Tuesday, October 31

New York Magazine Shreds 'My Name is Rachel Corrie' Play

"Though there’s still time for a protester or counterprotester to do something really dumb, l’affaire Corrie seems, finally, to be at an end...the play develops no cumulative power. For all the gravity of the material, her observations feel curiously weightless, offering no sense of why these bad things are happening all around her. In fact, the play is so thin that anybody who might have told Nicola not to proceed because of its politics seems misguided. For the love of John Stuart Mill, are these journal entries really damning enough to merit suppression? The e-mails of a young outsider who says “I’m really new to talking about Israel-Palestine” don’t seem terribly hard to refute, if you’re so inclined.

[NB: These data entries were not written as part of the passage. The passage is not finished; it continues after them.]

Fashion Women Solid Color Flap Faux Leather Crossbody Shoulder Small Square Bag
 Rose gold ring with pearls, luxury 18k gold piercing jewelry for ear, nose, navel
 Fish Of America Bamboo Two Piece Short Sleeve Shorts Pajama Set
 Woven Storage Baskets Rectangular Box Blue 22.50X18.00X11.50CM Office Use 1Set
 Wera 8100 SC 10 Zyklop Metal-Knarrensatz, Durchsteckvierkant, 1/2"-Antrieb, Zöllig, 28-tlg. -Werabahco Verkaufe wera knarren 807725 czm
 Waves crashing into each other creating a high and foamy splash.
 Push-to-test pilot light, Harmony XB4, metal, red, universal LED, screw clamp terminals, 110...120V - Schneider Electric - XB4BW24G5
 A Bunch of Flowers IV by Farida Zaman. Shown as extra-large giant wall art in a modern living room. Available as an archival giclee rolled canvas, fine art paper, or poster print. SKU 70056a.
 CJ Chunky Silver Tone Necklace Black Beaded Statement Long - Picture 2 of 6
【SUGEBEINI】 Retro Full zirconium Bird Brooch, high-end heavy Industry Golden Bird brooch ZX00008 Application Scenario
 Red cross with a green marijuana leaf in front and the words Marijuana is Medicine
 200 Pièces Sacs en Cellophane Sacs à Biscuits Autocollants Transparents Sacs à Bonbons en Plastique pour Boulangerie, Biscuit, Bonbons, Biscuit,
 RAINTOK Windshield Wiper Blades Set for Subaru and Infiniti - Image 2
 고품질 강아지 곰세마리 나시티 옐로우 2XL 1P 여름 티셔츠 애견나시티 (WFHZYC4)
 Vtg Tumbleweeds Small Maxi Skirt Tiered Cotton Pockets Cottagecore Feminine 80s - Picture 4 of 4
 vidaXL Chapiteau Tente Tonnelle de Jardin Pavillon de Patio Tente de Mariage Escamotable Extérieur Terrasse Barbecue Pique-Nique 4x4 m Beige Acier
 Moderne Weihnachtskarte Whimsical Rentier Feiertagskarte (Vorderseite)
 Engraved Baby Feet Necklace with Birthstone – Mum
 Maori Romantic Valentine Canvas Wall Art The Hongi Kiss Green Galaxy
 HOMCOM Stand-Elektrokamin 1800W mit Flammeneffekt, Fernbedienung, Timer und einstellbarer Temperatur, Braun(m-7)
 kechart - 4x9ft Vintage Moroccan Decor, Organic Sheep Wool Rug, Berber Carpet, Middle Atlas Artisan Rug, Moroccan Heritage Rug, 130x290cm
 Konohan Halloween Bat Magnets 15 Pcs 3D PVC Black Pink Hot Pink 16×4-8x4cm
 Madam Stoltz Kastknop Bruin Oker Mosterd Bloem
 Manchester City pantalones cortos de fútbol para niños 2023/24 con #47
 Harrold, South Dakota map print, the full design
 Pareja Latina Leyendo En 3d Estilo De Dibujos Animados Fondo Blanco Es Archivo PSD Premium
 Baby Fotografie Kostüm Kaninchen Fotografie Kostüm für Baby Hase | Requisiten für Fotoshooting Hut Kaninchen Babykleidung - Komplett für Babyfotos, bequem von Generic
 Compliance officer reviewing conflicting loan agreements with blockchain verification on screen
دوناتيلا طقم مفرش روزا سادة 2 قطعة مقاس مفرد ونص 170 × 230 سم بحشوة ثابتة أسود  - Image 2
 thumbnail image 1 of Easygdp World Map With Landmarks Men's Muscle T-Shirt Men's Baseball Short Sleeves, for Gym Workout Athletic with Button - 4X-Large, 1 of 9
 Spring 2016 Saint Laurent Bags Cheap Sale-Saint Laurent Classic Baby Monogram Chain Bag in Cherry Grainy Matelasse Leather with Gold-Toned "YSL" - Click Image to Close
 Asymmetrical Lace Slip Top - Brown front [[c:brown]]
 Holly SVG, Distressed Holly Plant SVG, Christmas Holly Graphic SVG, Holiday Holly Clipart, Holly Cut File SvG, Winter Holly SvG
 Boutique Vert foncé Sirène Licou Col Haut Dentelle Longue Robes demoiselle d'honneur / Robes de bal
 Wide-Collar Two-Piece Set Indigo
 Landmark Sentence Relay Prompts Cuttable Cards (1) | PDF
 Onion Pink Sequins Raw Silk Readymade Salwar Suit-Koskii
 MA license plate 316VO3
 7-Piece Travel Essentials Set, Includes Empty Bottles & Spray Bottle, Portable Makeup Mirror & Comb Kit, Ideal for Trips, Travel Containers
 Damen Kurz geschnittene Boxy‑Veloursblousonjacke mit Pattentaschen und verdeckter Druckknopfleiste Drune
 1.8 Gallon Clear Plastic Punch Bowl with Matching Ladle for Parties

More than once, Corrie takes an oddly detached view of Palestinian violence, doubting that it could have “any impact” on the Israelis—a surprisingly clinical tone for such a sensitive advocate of social justice, as if it’s the body count incurred in a bus bombing that matters. I didn’t pick the example at random. While Corrie was in Gaza, a suicide bomber destroyed a bus in Haifa, killing fifteen people—mainly children—including an American girl even younger than Corrie, one involved in a program to reconcile Arab and Jewish students. There’s something poignant in the ways these two sad stories parallel each other and diverge. I can even imagine a drama using their deaths to tell us something new about the conflict, or help us better understand its whole horrible complexity. This play doesn’t."